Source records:
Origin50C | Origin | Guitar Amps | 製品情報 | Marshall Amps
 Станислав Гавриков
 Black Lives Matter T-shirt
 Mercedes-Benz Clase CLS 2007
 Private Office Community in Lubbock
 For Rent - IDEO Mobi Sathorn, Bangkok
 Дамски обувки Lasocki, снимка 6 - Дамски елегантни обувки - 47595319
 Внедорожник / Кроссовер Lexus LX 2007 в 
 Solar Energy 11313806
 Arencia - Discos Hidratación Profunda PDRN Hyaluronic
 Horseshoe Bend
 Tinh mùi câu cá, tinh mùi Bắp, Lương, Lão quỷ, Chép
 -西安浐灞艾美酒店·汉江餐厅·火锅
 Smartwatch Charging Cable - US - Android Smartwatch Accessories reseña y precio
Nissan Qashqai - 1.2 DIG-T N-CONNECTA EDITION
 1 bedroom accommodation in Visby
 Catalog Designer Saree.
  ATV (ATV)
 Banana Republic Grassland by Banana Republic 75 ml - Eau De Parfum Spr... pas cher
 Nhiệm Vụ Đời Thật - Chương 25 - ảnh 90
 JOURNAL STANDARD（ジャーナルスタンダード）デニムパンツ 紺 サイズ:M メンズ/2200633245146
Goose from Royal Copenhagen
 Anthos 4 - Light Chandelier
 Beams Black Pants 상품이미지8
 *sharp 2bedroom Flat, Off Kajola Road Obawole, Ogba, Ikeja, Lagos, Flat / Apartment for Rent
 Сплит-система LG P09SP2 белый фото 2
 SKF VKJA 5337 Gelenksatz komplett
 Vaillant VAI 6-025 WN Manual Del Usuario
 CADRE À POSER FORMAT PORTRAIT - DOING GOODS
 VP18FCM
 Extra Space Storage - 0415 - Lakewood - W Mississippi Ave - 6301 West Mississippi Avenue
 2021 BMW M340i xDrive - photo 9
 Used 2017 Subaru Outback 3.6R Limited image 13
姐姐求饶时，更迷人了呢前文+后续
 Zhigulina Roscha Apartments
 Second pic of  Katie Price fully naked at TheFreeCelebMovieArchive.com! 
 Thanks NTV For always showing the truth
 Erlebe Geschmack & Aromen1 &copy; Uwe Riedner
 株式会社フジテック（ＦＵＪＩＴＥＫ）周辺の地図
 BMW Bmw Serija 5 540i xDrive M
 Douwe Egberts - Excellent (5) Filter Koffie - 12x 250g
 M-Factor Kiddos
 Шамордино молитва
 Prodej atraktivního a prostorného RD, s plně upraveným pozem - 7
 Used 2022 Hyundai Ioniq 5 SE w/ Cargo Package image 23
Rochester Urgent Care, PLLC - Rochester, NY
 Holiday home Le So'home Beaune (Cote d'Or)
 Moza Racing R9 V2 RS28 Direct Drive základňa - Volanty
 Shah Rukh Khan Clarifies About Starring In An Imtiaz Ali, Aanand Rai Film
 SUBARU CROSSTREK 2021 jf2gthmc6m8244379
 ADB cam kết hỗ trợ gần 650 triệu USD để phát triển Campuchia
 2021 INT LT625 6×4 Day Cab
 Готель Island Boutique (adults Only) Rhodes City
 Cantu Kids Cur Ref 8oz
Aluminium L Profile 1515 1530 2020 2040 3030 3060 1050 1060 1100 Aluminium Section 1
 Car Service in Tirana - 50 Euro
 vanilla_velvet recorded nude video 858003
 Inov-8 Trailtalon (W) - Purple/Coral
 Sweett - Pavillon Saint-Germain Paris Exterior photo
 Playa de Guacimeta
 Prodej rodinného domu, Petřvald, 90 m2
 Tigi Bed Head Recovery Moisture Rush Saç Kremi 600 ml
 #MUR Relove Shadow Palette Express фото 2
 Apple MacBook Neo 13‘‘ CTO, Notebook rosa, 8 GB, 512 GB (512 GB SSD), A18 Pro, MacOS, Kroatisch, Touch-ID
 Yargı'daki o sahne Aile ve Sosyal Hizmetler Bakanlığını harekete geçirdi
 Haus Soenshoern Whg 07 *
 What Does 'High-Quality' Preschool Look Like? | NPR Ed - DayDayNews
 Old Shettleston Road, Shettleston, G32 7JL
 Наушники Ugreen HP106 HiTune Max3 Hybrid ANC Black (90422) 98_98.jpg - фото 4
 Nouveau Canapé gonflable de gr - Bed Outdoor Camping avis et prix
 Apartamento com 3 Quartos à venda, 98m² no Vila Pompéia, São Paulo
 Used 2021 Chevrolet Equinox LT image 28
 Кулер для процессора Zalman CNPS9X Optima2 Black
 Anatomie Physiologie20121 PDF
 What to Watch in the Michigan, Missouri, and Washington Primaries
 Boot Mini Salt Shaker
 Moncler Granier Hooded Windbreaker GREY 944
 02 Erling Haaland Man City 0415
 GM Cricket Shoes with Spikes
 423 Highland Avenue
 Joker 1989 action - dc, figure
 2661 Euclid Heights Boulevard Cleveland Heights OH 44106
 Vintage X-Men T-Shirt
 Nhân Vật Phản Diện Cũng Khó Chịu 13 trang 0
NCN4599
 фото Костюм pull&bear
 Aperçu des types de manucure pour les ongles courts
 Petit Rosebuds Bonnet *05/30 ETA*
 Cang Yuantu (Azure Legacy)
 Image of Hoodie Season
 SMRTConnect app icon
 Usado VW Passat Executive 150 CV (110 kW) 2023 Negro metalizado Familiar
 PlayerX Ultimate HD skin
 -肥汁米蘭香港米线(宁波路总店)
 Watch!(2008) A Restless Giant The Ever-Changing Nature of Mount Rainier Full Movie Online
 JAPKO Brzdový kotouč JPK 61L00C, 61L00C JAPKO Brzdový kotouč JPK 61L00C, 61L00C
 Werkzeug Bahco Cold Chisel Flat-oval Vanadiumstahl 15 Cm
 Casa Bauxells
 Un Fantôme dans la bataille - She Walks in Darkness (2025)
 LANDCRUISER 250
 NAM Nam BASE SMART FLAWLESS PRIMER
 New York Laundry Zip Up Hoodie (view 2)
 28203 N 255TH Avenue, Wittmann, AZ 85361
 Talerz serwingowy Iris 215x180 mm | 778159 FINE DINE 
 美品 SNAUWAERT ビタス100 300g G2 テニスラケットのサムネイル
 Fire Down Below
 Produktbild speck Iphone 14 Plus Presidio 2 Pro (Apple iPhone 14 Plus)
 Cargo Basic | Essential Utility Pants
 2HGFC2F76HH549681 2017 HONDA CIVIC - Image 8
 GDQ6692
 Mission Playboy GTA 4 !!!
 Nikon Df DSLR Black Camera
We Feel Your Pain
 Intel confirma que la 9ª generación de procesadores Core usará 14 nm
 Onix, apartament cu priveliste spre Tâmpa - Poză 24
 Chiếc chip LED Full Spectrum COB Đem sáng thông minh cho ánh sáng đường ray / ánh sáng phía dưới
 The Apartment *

TASK DETAILS:
For each line of the entries that contains the word "Rent", make a copy.

REPLY:
 For Rent - IDEO Mobi Sathorn, Bangkok
 *sharp 2bedroom Flat, Off Kajola Road Obawole, Ogba, Ikeja, Lagos, Flat / Apartment for Rent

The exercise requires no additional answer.